Answer
(a) center-radius form: $\color{blue}{(x+1)^2+(y+2)^2=9}$
(b) general form: $\color{red}{x^2+y^2+2x+4y-4=0}$
Work Step by Step
RECALL:
(1) The center-radius form of a circle's equation is $(x-h)^2+(y-k)^2=r^2$ with center at $(h, k)$ and a radius of $r$ units.
(2) The general form of a circle's equation is $x^2+y^2+Dx+Ey+F=0$
The center of the circle can be found by finding the the midpoint of $(-1, 1)$ and $(-1, -5)$. Note that the midpoint of these two points is $(-1, -2)$.
Thus, the circle has its center at $(-1, -2)$.
The radius of the circle can be found by finding the distance from the center $(-1, -5)$ to $(-1, -2)$, which is 3 units.
Thus, the radius of the circle is $3$.
(a) The circle has its center at $(-1, -2)$ and has a radius of $3$ units.

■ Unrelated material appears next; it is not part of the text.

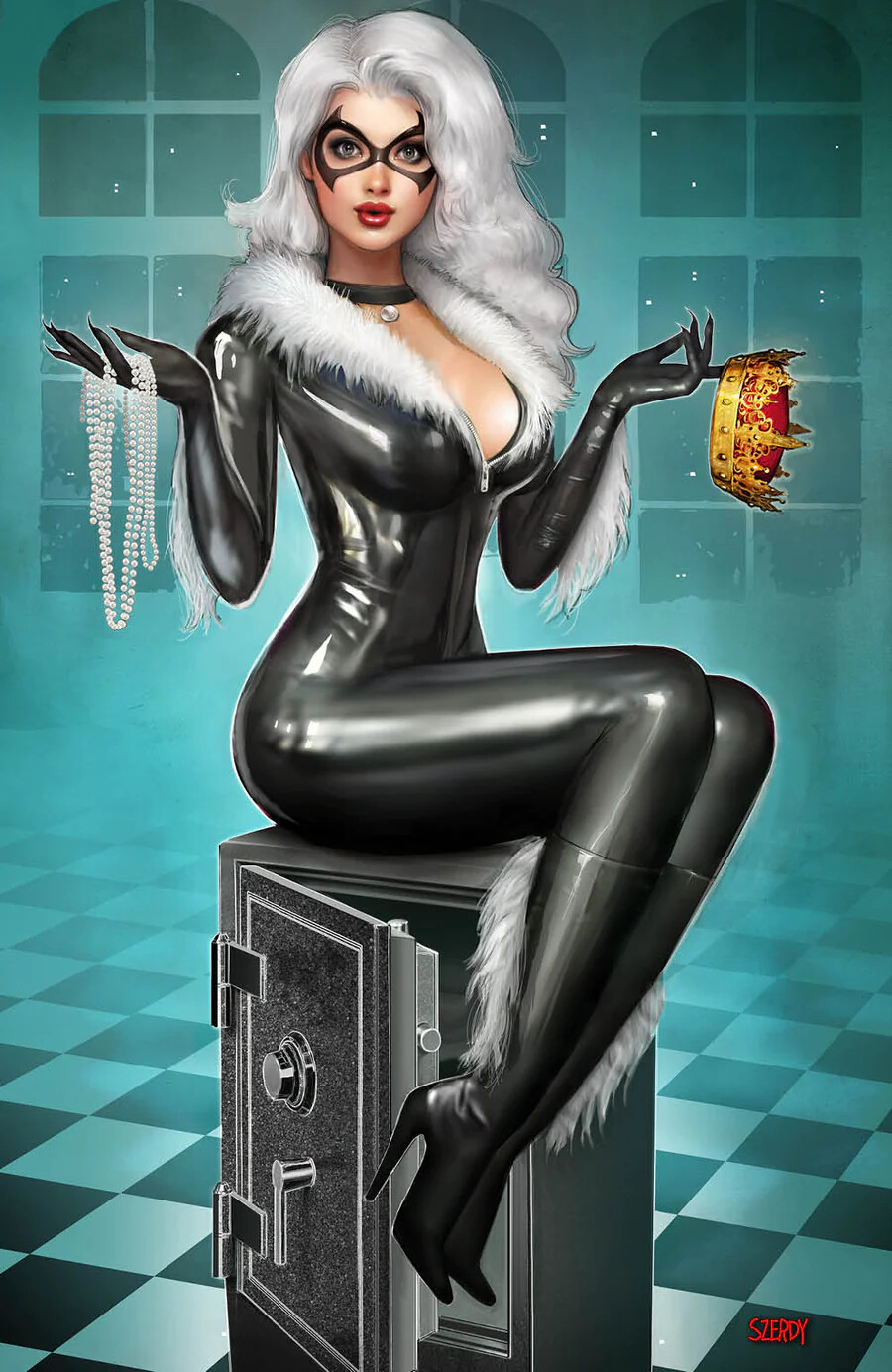 Amazing Spider-Man #25 - Szerdy Black Cat Virgin Exclusive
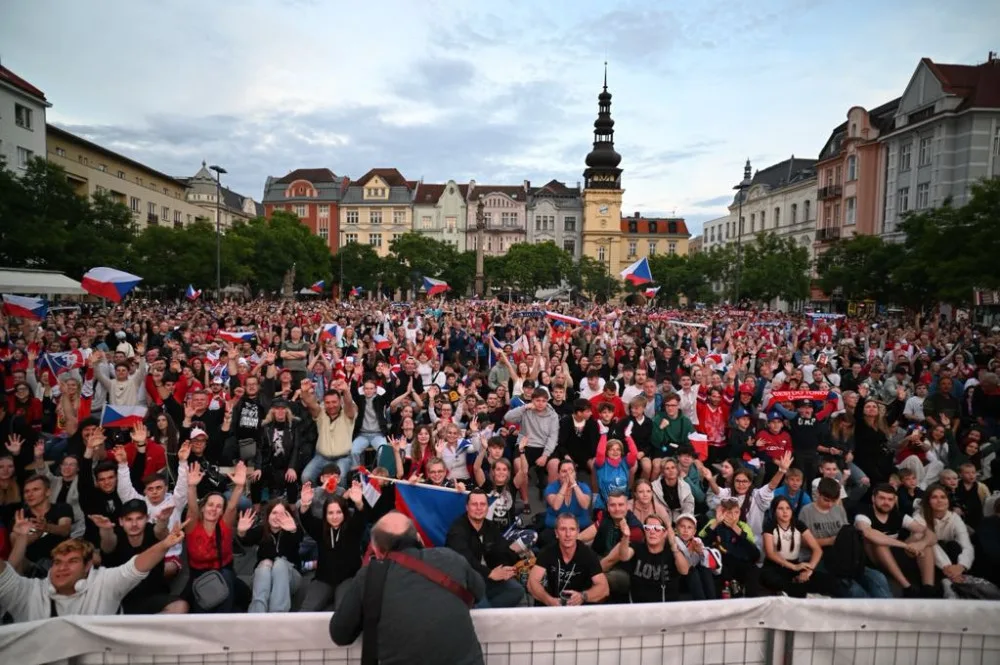 Ostrava. České zlato smícháno s modrobílou evropskou radostí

Therefore, the equation of the circle in center-radius form is:
$(x-(-1))^2+(y-(-2))^2=3^2
\\\color{blue}{(x+1)^2+(y+2)^2=9}$
(b) To find the equation of the circle in general form, expand the equation in (a) above then put all terms on the left side to obtain:
$(x+1)^2+(y+2)^2=9
\\x^2+2x+1+y^2+4y+4=9
\\x^2+y^2+2x+4y+5=9
\\x^2+y^2+2x+4y+5-9=0
\\\color{red}{x^2+y^2+2x+4y-4=0}$